1
Iron Smelting and Smithing
FIGURE 1.1
Forge at Waltham Abbey, Essex (after Huggins and Huggins 1973, fig 2)
Iron ore deposits are widespread in Britain, the main types being carbonate, haematite and limonite whose incidence is discussed by Tylecote (1962, 175–179). Quarrying with trenches as well as tunnelling is known from the Forest of Dean (Schubert 1957, 123, pls XIII-XIV) but widely occurring bell-pits are more frequent evidence of medieval deep mining of iron ore (Tylecote 1962, 284–285; Beresford and St Joseph 1979, 256, fig 107). Bell-pits near Sedgeley, West Midlands, had 1.5m diameter openings, a depth of 4.6m to 6.1m, and a maximum diameter of 3.6m.
1.1 Iron Smelting
Archaeological evidence for iron smelting is considerable and is discussed elsewhere (Tylecote 1962; 1976; Schubert 1957; Crossley 1981).
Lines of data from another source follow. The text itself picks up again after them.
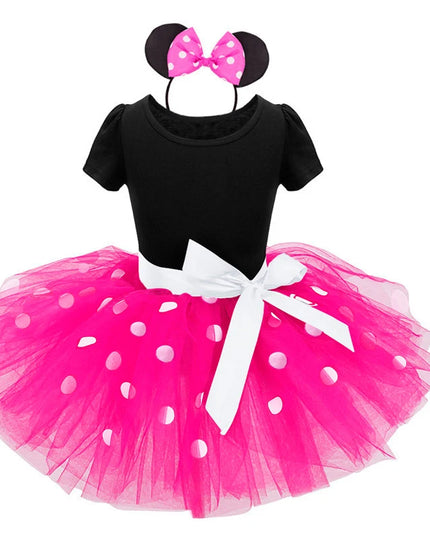 Kids Outfits New Kids Ballet Show Dress Princess Party Costume Infant Clothing Polka Dot Baby Clothes Birthday Girls tutu Dress with Headband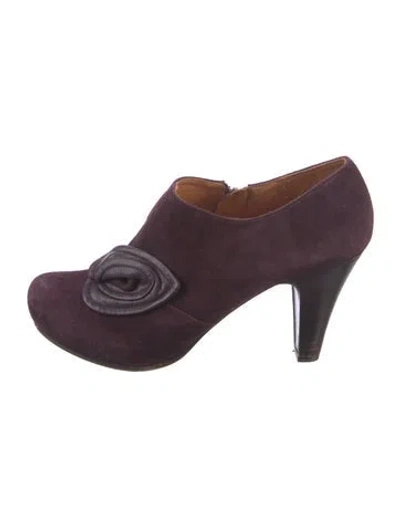 Pre-owned Chie Mihara Suede Leather Trim Embellishment Pumps In Purple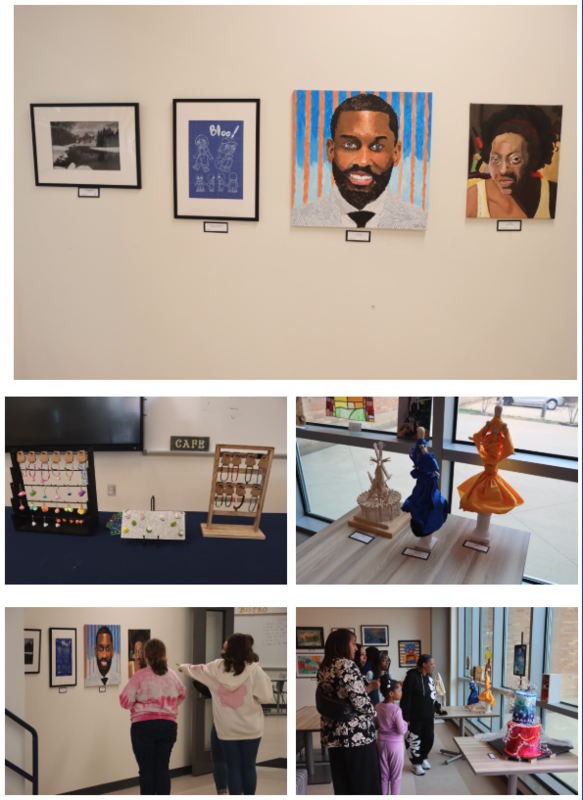 Student artwork displayed in on the wall outside the Culinary Bistro, jewelry, dress and cake designs.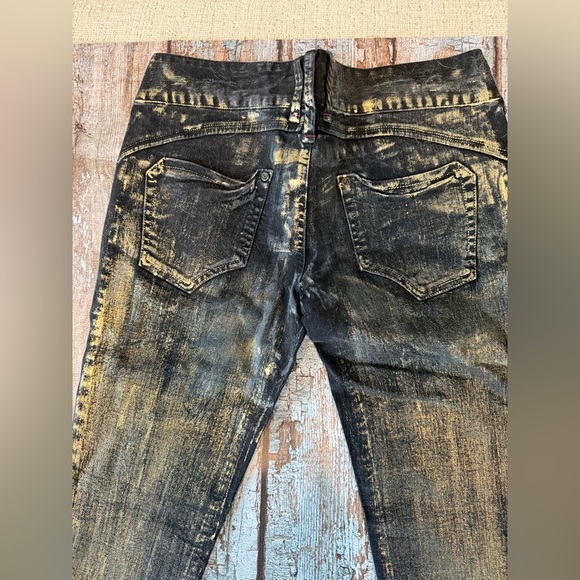 BNWT bebe Black and Gold / Copper Skinny Jeans - Picture 5 of 11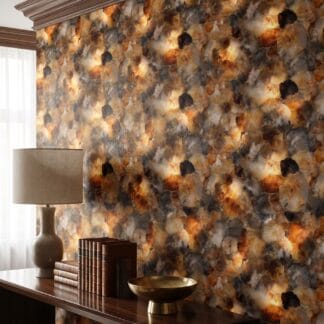 Brown Agate Geode Wallpaper with Gold Veins, Abstract Ink Wall Mural, Peel and Stick Wallpaper for a Luxurious Living Room Accent Wall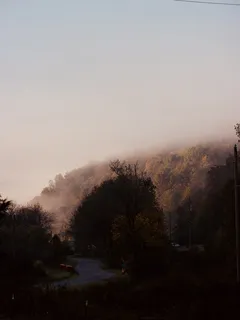 Mlžný východ slunce na kopci s lesem v české krajině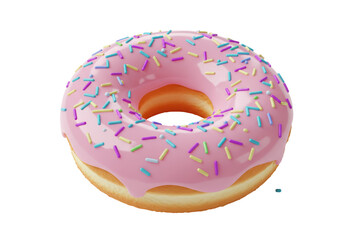 Isolated donut with pink frosting and sprinkles, sugary dessert, treat, delicious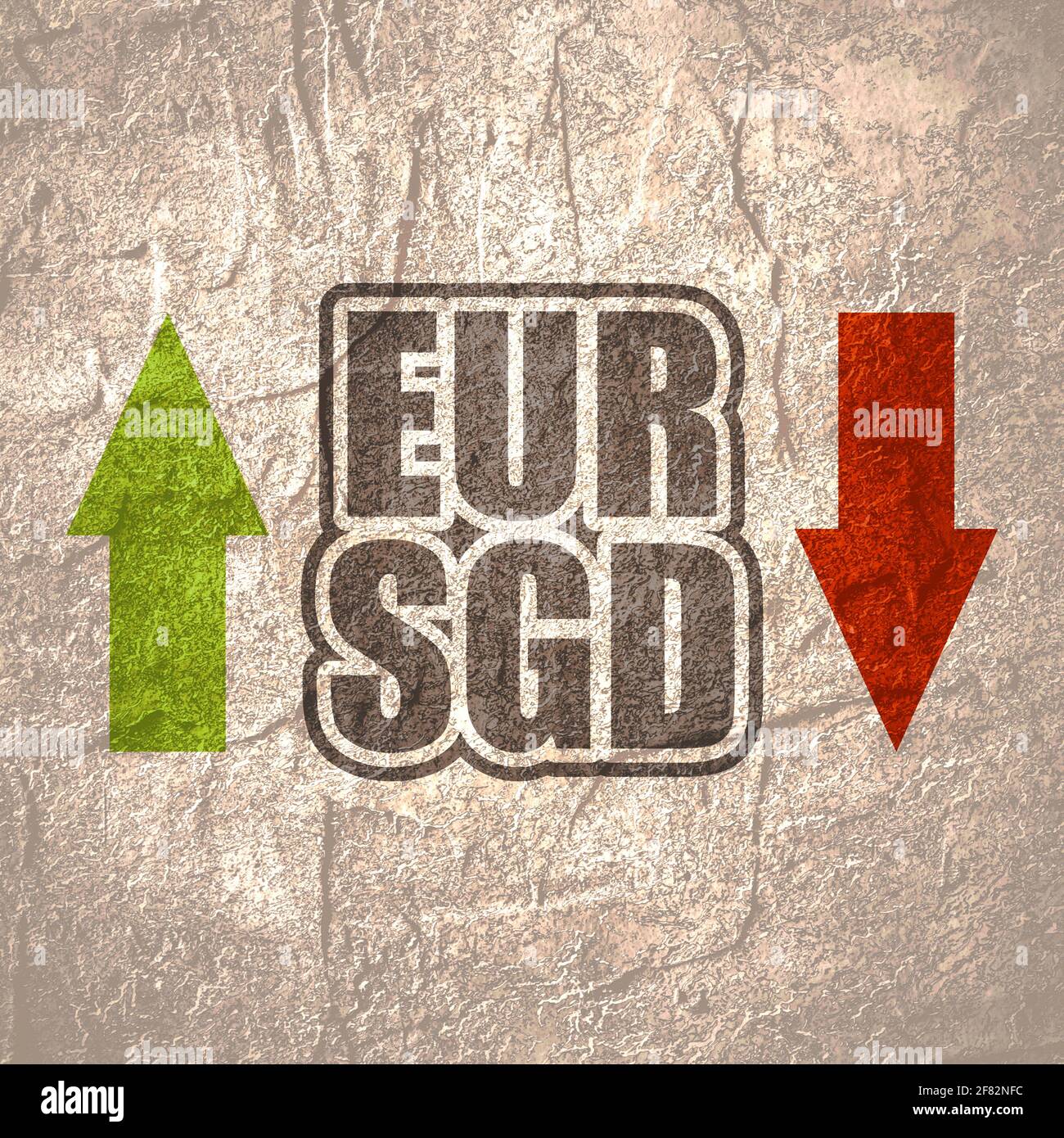 Financial market concept. Currency pair. Acronym EUR European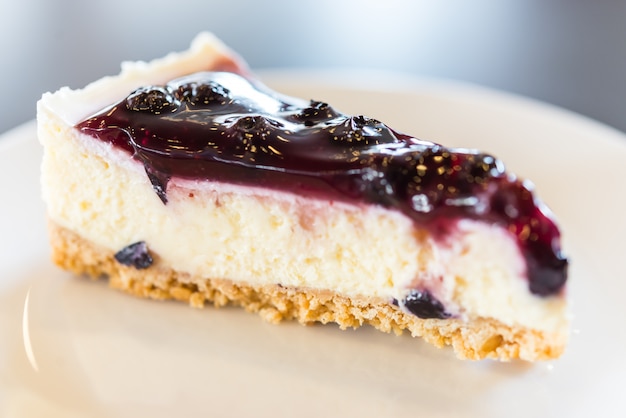 Tarta de queso con arándanos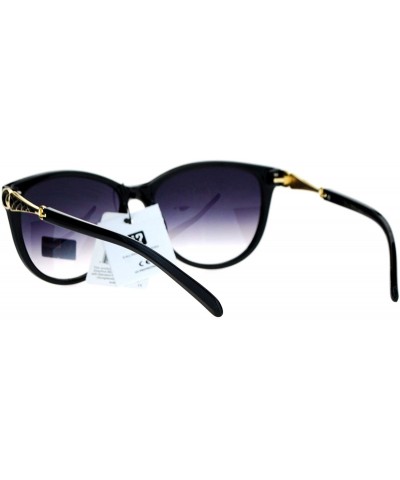 Oversized VG Eyewear Jewel Buckle Hinge Horn Rim Oversize Cat Eye Sunglasses - Black Smoke - CY12H8RUJ9V $10.26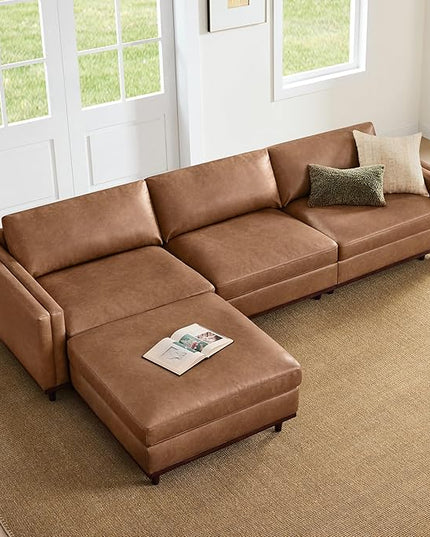CHITA 118" Super Large Luxury L Shape Convertible Sectional Modular Sofa, FSC Certified Down Filled Modern Sofa with Ottoman, Deep Seat Cloud Couch, 4 Seat Couch, Solid Wood Leg, Faux Leather in Camel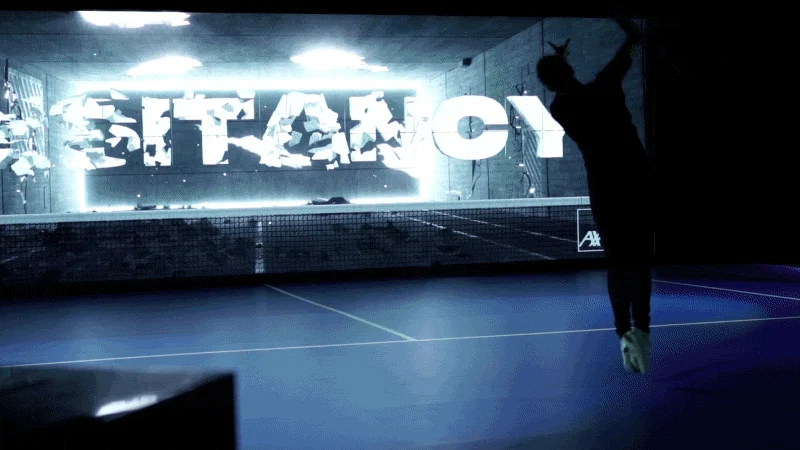 Words are broken as the ball hits the screen.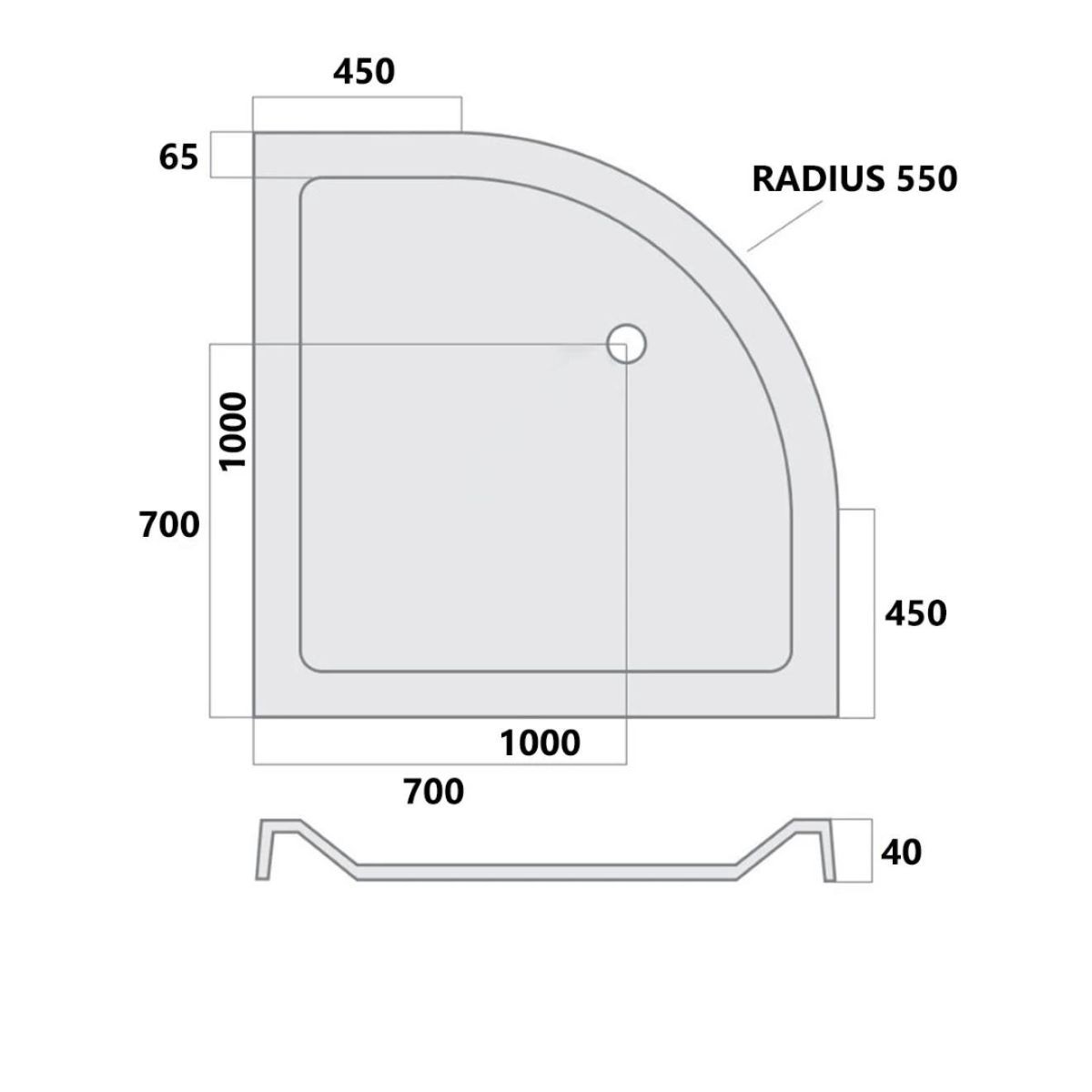 MX Elements Quadrant Stone Resin Shower Tray 1000x1000mm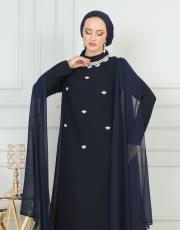 boyun taşlı pelerinli elbise 20244104 lacivert 2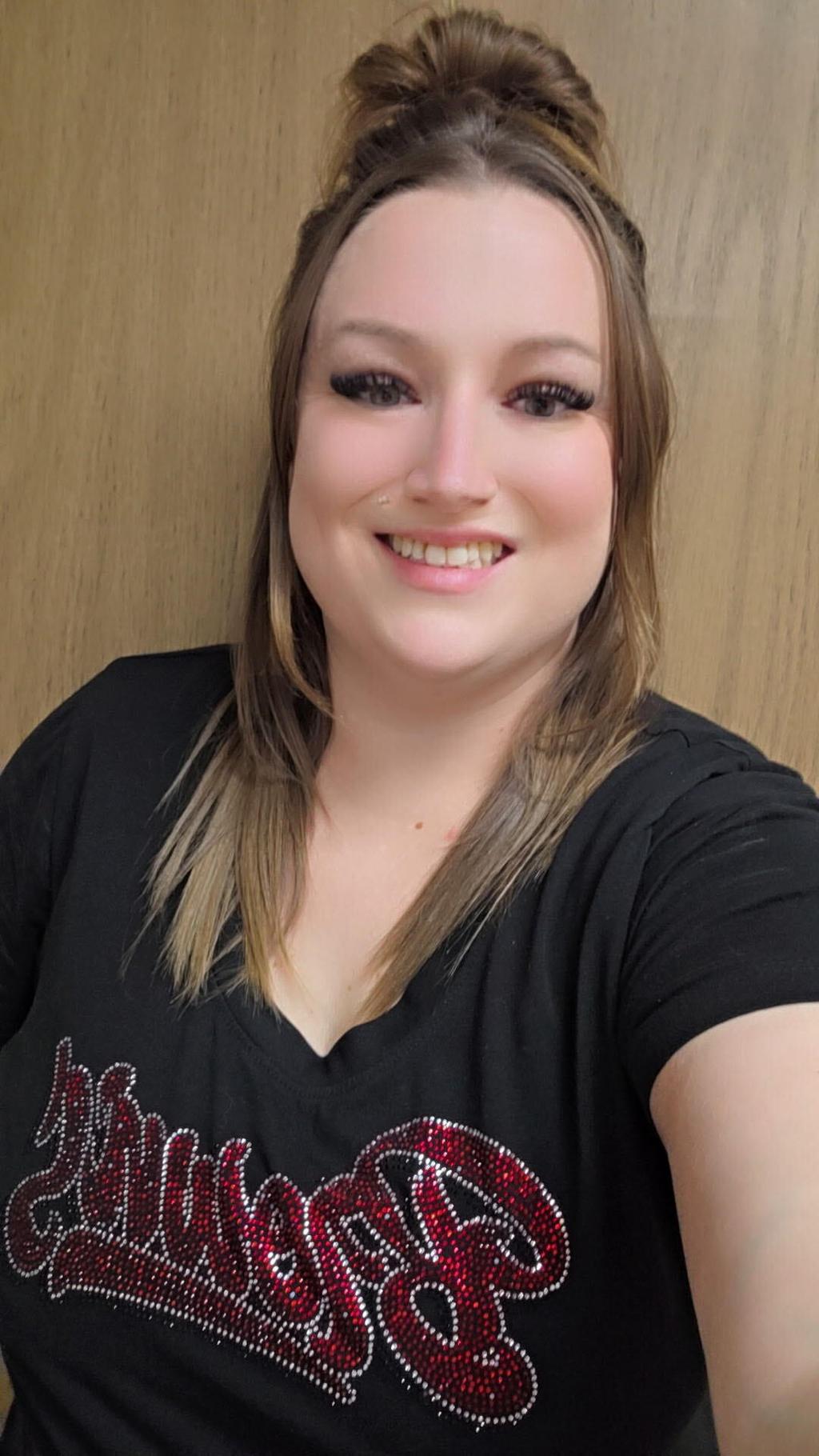 Stephannie Moore wearing a black Brown’s Gymnastics shirt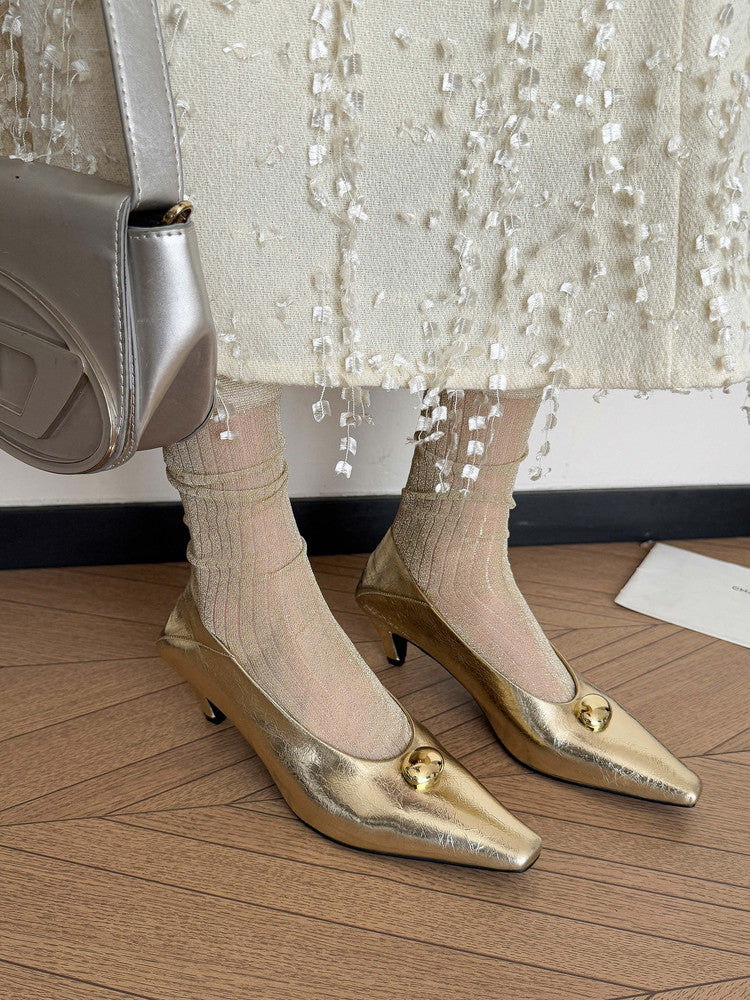 Karin Luna In Stock In Stock ~Basic Versatile French Style Small Square Toe Shallow Mouth Single Shoes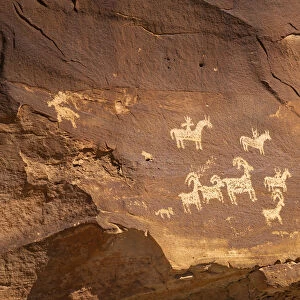 Detail of petroglyphs on rock face, Arches National Park, Utah, USA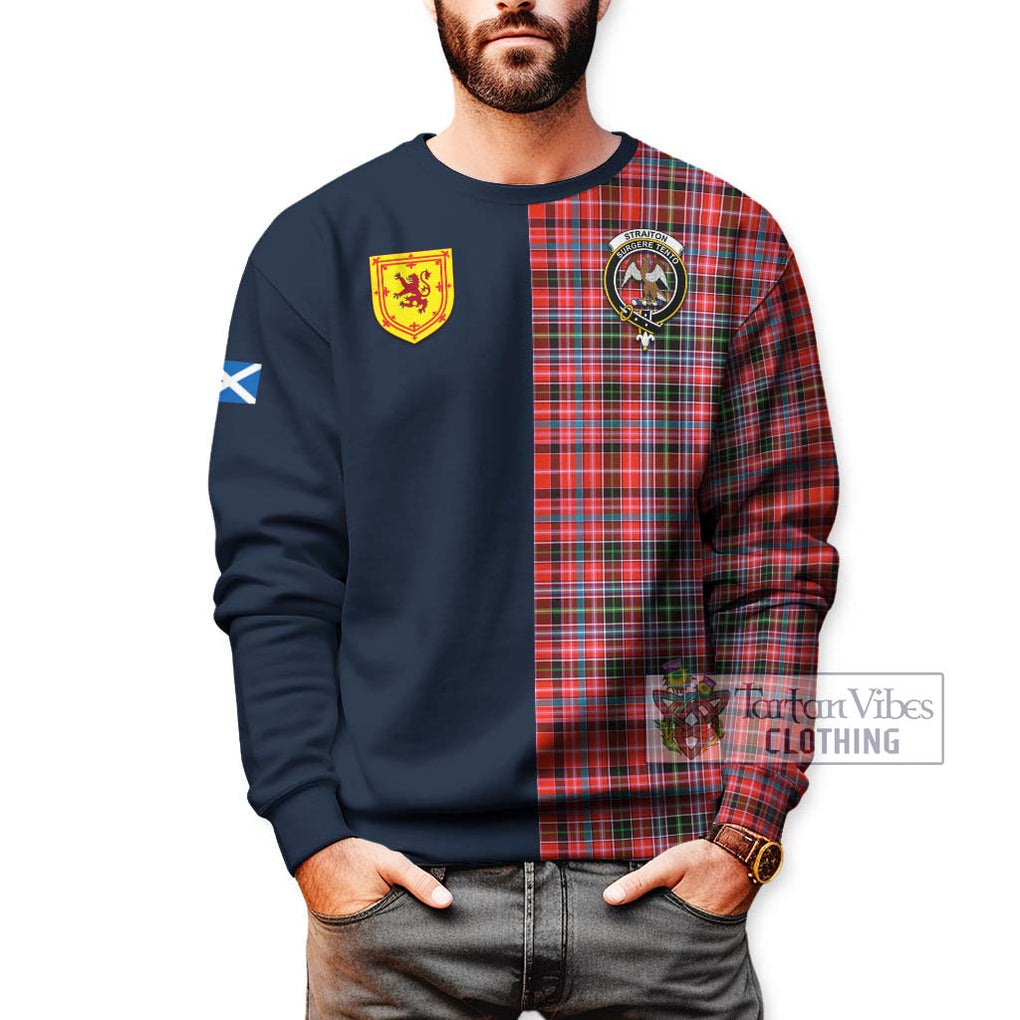 Tartan Vibes Clothing Straiton Tartan Sweatshirt with Scottish Lion Royal Arm Half Style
A brief outline of the process is given here.
Iron ore was frequently roasted before smelting in a bloomery or blast furnace to make it more porous and more easily reduced. Medieval bloomery furnaces are of two basic types, the horizontally developed and the vertically developed bowl furnace, each with slag-tapping facilities. In use a charge of ore and charcoal was placed in the furnace and during smelting some of the lighter impurities were tapped off as slag until at the end cinders, slag and a bloom of iron were left at the bottom. The extracted bloom was consolidated on a string hearth by repeated hammering and with intermittent re-heating, the attached cinders being removed and the entrapped slag driven out to produce a bloom of wrought iron. This was then cut into pieces and if necessary rendered into bar iron for the blacksmith. Towards the close of the medieval period the blast furnace, which produced liquid iron in addition to slag, was developed. The first blast furnace definitely known to be in existence in Britain was at Newbridge, Sussex, in 1496 (Tylecote 1962, 301).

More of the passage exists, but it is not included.